Copy out and return the lines from the one holding "Women's Fluffy Slippers" to the end of the listing below, both included, omitting the pictures.

○ ○ ○ ○ ○ ○ ○

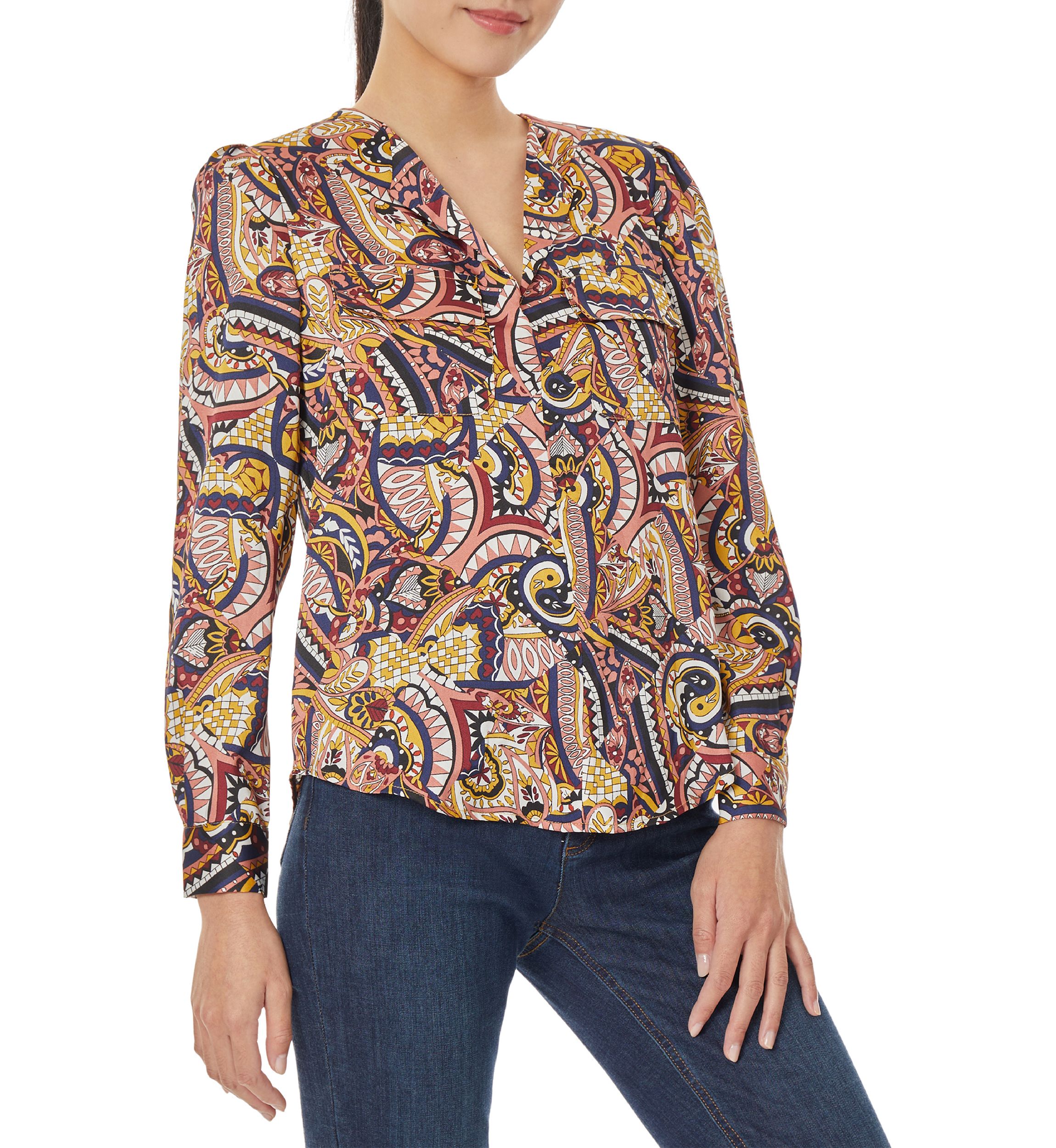 Womens Long Sleeve Printed Satin Utility Blouse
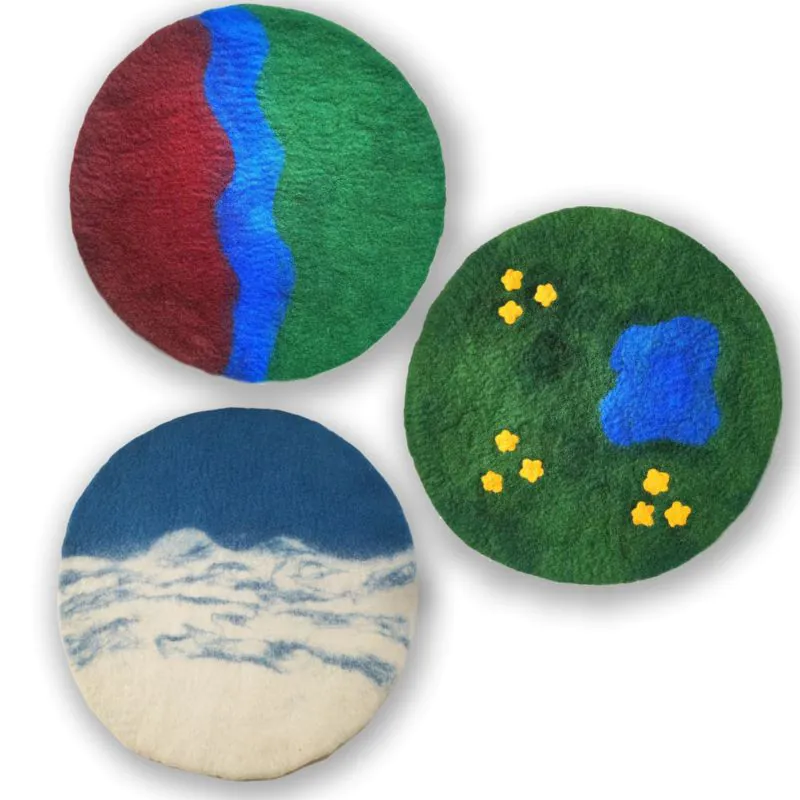 TAPIS PAYSAGES EN FEUTRINE, SET DE 3
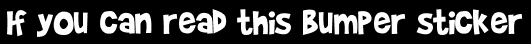 If you can read this bumper sticker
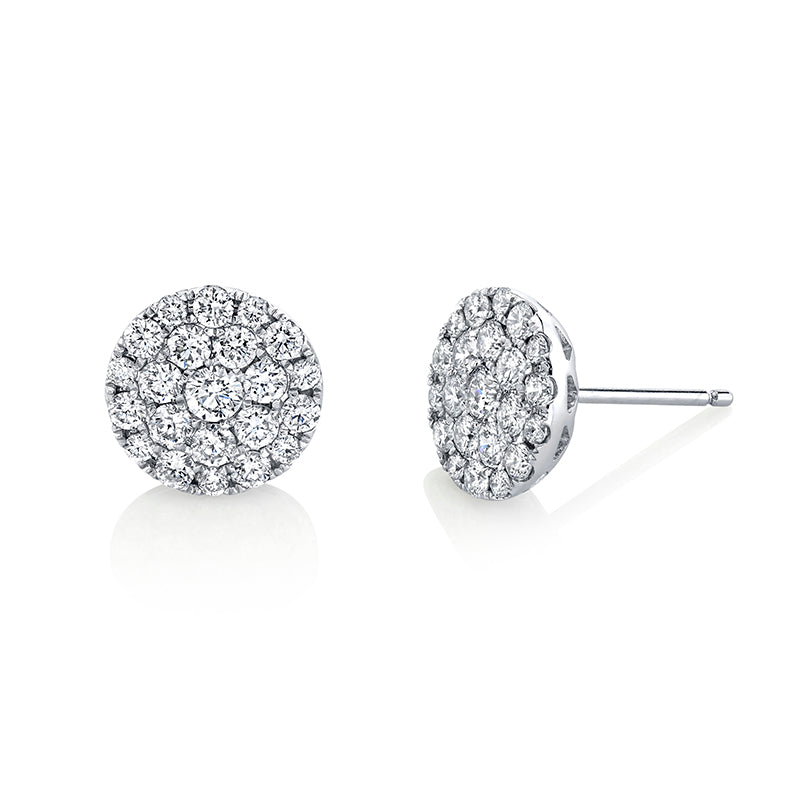 Button Style Diamond Stud Earrings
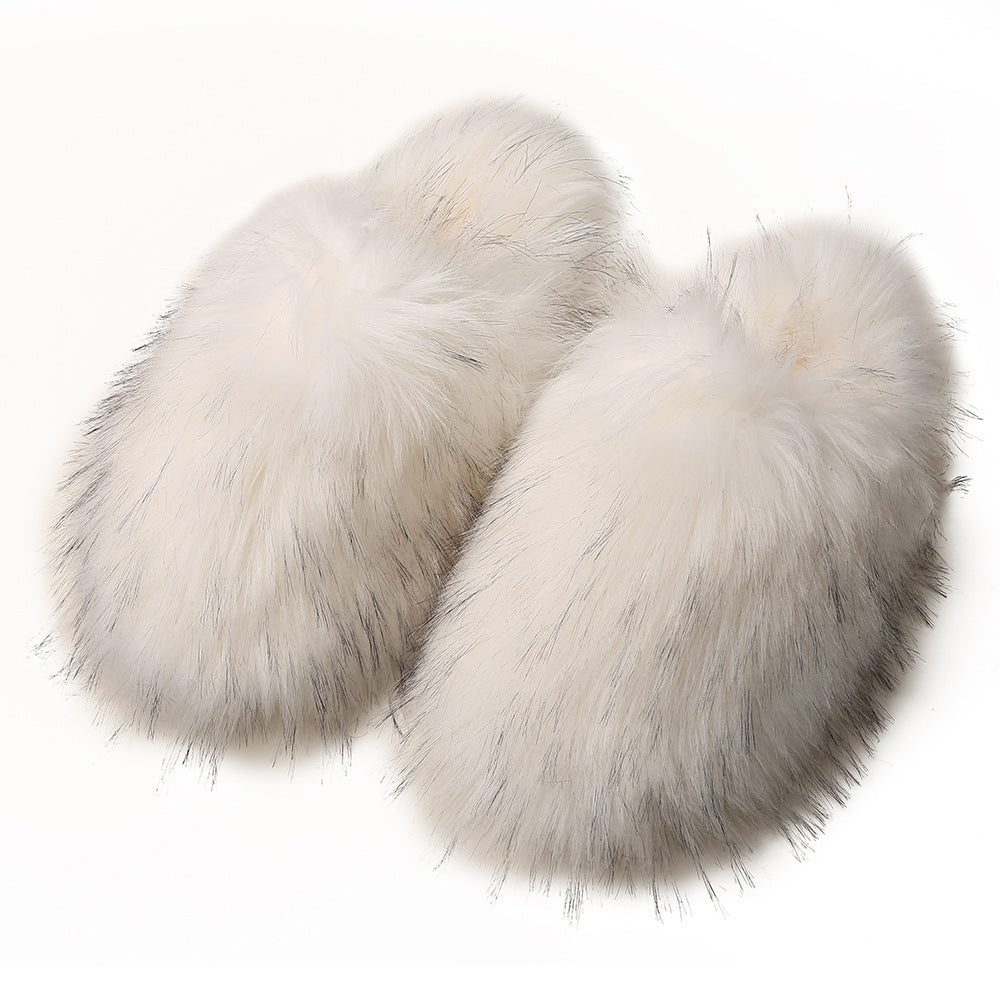 Women's Fluffy Slippers – Autumn and Winter Home Fleece-Lined Warm Artificial Fur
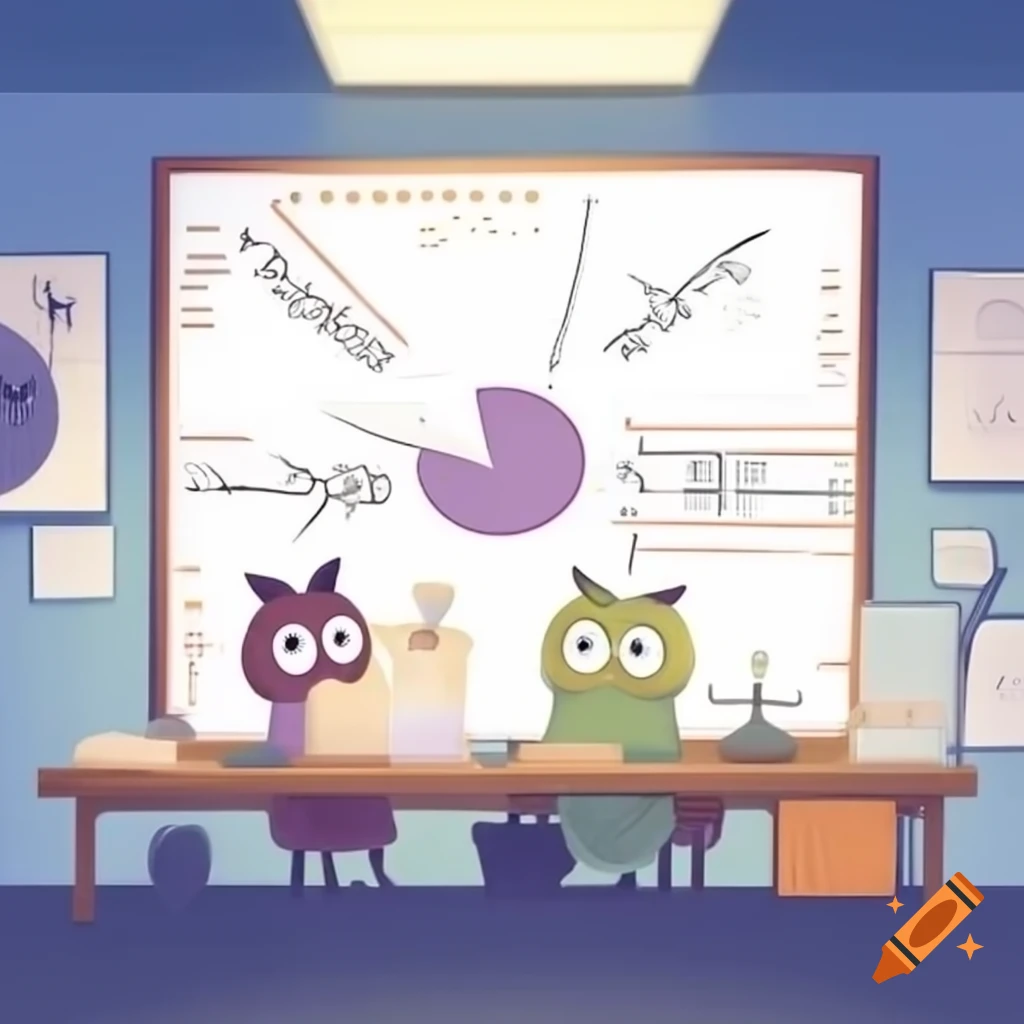 Owls in meeting room discussing materials on whiteboard with diagrams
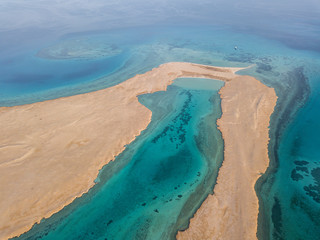 Obraz premium Aerial view of island in red sea, Egypt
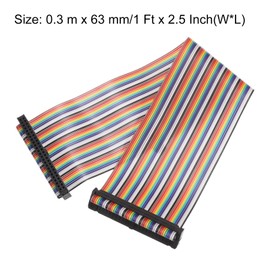 MECCANIXITY IDC Rainbow Wire Flat Ribbon Cable 2.54mm Pitch 50 Pin Connection Line FC Dual Female Black Connector for DIY Experiment 1 Ft Length 1 Pcs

○ ○ ○ ○ ○ ○ ○

**YOUR SOLUTION**
 Women's Fluffy Slippers – Autumn and Winter Home Fleece-Lined Warm Artificial Fur
 Owls in meeting room discussing materials on whiteboard with diagrams
 Obraz premium Aerial view of island in red sea, Egypt
 MECCANIXITY IDC Rainbow Wire Flat Ribbon Cable 2.54mm Pitch 50 Pin Connection Line FC Dual Female Black Connector for DIY Experiment 1 Ft Length 1 Pcs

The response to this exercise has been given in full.